A derrota ucraniana nas incursões por terra acabou, somada a outros fatores, trazendo desatenção da imprensa que amava Kiev. "Nós vimos como é que já o Ocidente trata essa guerra de maneira enfadonha por dois motivos. Primeiro, a percepção clara da incapacidade de vitória por parte dos ucranianos. E segundo, o surgimento do conflito de Israel contra os palestinos, que tem sido uma guerra brutal e uma guerra que pode desencadear um processo maior. E isso, obviamente, tem ocupado mais espaço não só da diplomacia da OTAN, como da imprensa ocidental", afirma.

Em nível militar, Pitillo ressalta a importância dos tanques de guerra no conflito. "Taticamente, a guerra reabilitou a importância dos tanques, dos blindados.Se viu que o emprego de blindado ainda se faz necessário, derrubando algumas previsões de que esse tipo de arma estaria superado", disse.

Ele adiciona também a importância dos drones e dos mísseis em um conflito que ocorre no ar, no solo e no mar. "A tecnologia do drone foi dissecada e de certo modo popularizada e hoje uma série de organizações, exércitos e forças fazem uso dos drones, seja para vigilância ou seja para ataque. Isso é uma coisa curiosa. Dos russos, a gente vê um avanço muito grande na área de missilística e a força aérea russa, que em pouco tempo dominou todo o céu, conseguiu se sobrepor à força aérea ucraniana, que era uma das maiores da Europa.", afirma. "No mar, a Federação Russa, apesar de ter perdido aquele grande barco, o Moscou, que foi um grande ponto da OTAN e da Ucrânia contra a Rússia, a Rússia conseguiu reestabelecer o seu domínio a partir da Crimea e Sebastopol e manteve não só os drones da OTAN", completa.

A grande batalha no ano foi a de Bakhmut, ou Artemívski, que contou com a presença do grupo Wagner, uma das incógnitas das forças russas em 2024. Falando nele...

Perspectivas para 2024

Pitillo não dá boas perspectivas para Zelensky. "A perspectiva para 2024 é sombria para o exército ucraniano. A não ser que haja uma grande virada da guerra. Os indicadores apontam para uma derrota fragorosa da Ucrânia ou até mesmo um colapso com a ruptura total da linha ucraniana", afirma.

"Essa derrota da Ucrânia pode ser uma derrota a granel, uma derrota de todos eles. E isso vai ter um efeito muito grande nos seus processos eleitorais internos, aqueles que terão, e principalmente nos Estados Unidos, já que o principal contendor do Joe Biden [Donald Trump] é uma pessoa que se mostra contrária à guerra", afirma Pitillo.

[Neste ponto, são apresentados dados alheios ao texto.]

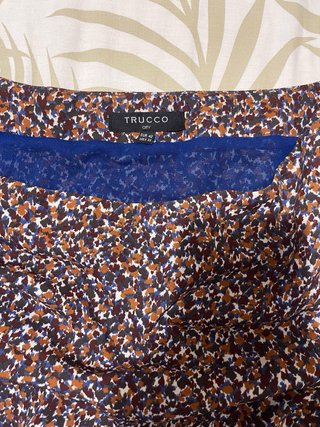 Conjunto mujer Trucco Blusa 40 Falda 42
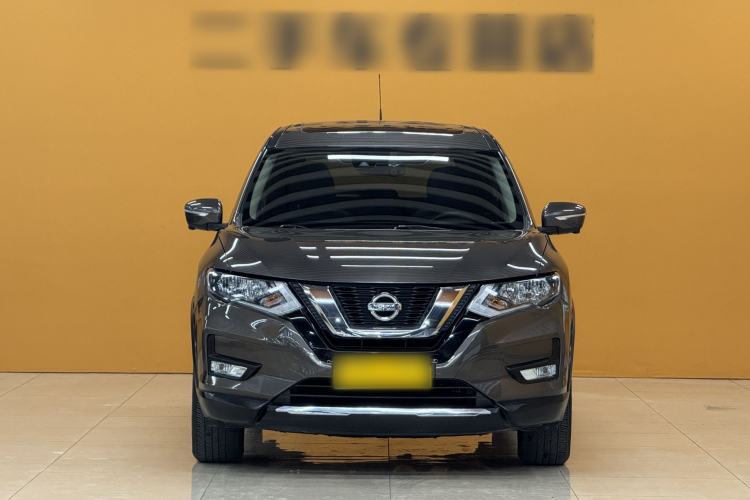 Used Nissan X-Trail 2019 2.0L CVT Smart Connect Comfort Edition 2WD Exterior 1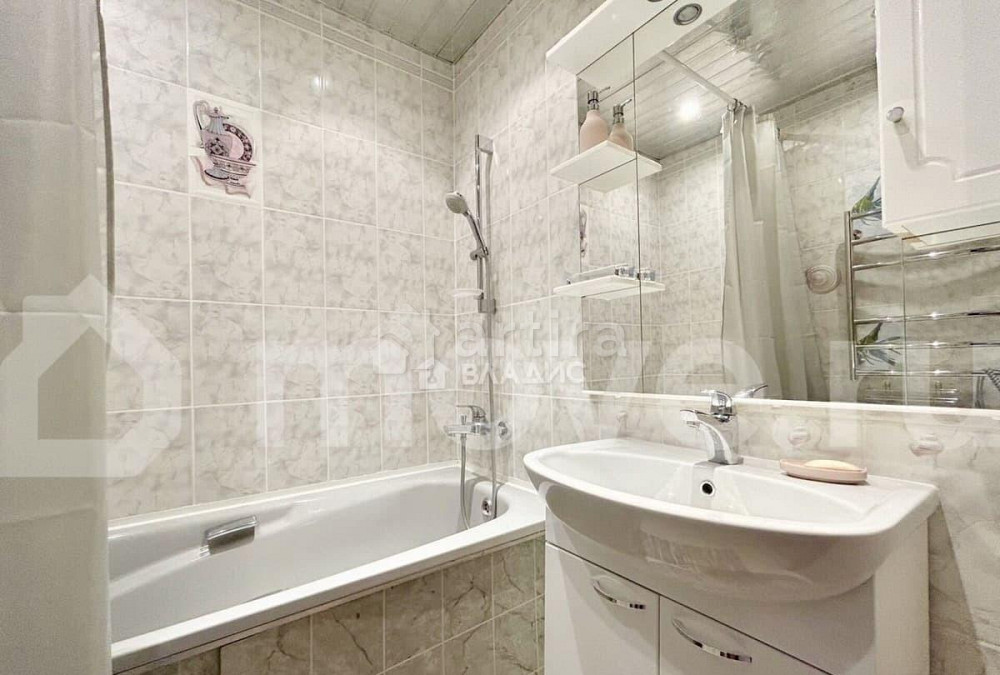 3-комн. квартира, 74.9 м2, 13/17 эт. Москва - изображение 2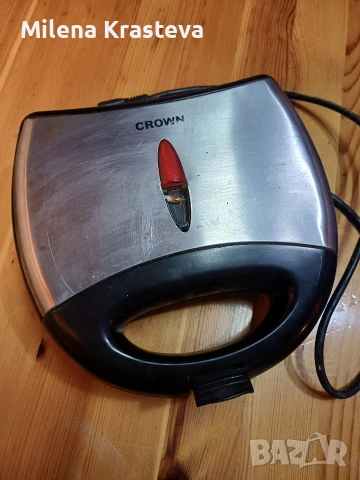 Гофретник и сандвечи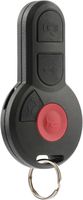 Car Key Fob Keyless Entry Remote fits Volkswagon Beetle, Golf, Cabrio, Jetta, Passat (M3GHU01WT)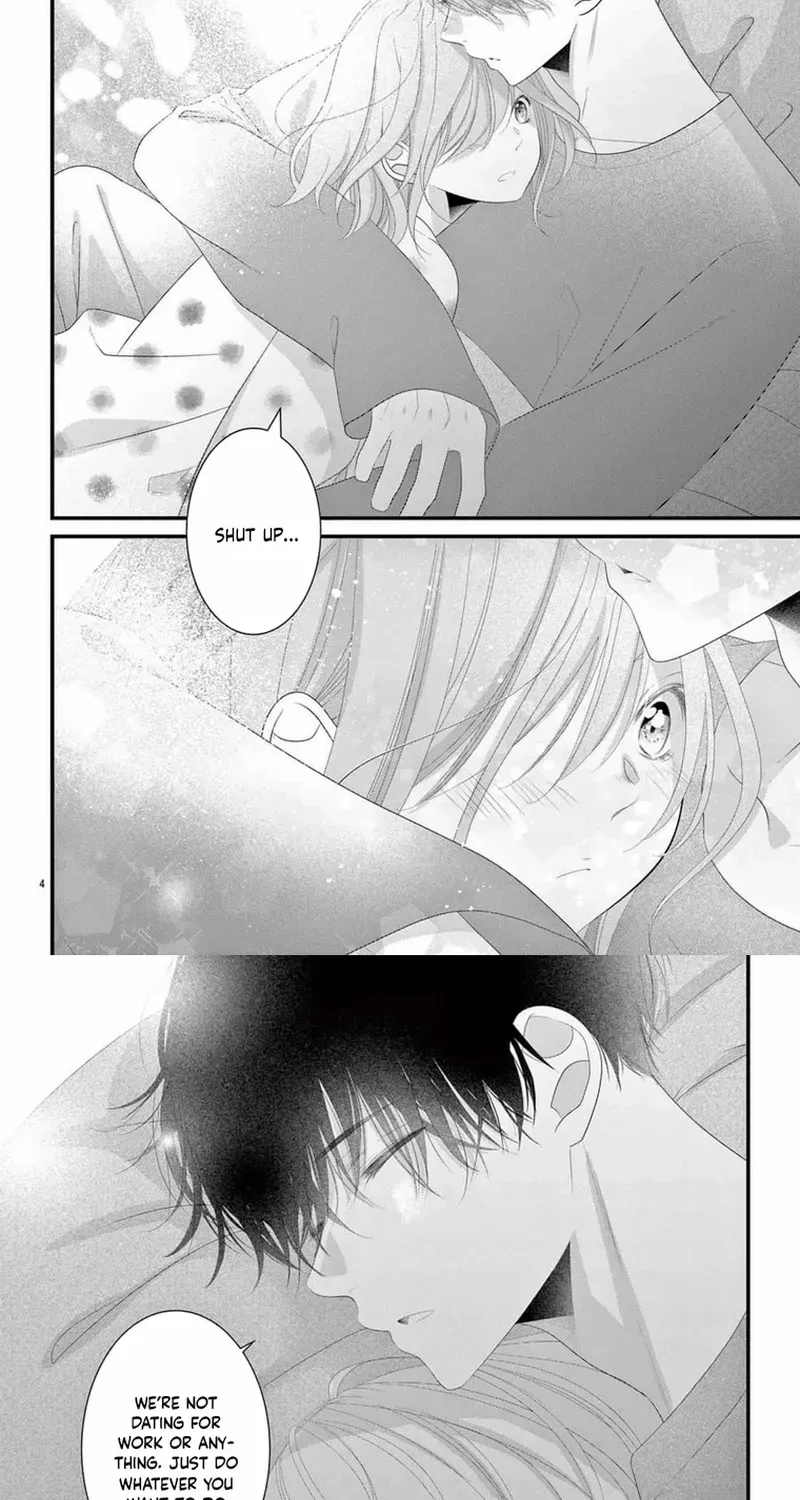 Read That man is a deep obsession. chapter 7 image 3 on Lezhin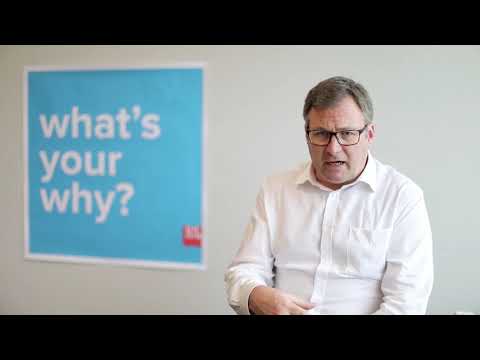 HOK's Gary Clarke: What's My Why?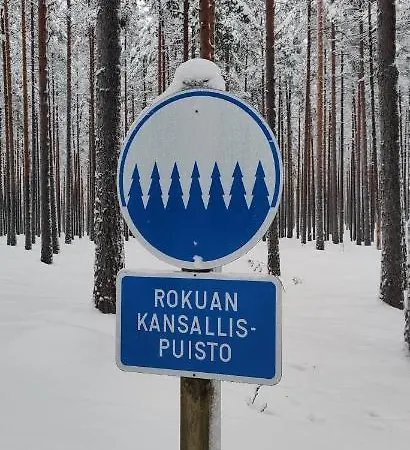 Rokuan Unelma Semesterbostad *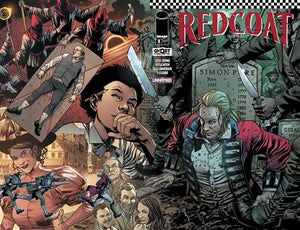 REDCOAT #2 CVR A BRYAN HITCH & BRAD ANDERSON (05/14/2024)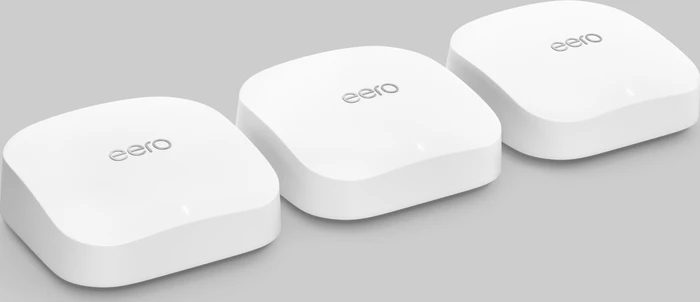 eero eero Pro 6E, AXE5400, 3er-Pack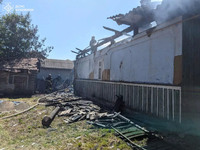 Чернівецька область: за минулу добу ліквідовано 9 пожеж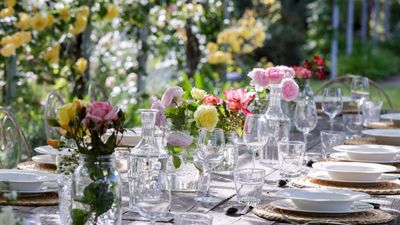 11 gorgeous garden party decoration ideas for celebrating the summer in style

"Há um cenário adverso para esse ocidente capitalista. Não só isso, há uma força. O Sul Global tem ganhado uma força muito grande, mesmo que de maneira inorgânica", sentencia o historiador. "Há de se observar que o ano de 2024 não promete paz. Pelo contrário, ele promete ser um ano quente, de muitas tensões", diz.

E a paz? Pelo que parece, fica pra depois. "Só tem duas pessoas que podem acabar com a guerra. Vladimir Putin e Volodymyr Zelensky. O presidente Putin já mostrou que havia uma proposta de paz que o Zelensky havia, inclusive, assinado. O Zelensky, inclusive, havia concordado com a paz. E depois ele volta atrás pressionado pela OTAN", diz.

"Se o Zelensky pegar um avião em Kiev e soltar em Moscou, ele resolve a paz. Que paz é essa? Obviamente, será uma paz de compromisso. Não vai ser uma paz justa. Vai ser uma paz de compromisso. Mas também não significa que vai ser uma paz de humilhação", completa Pitillo.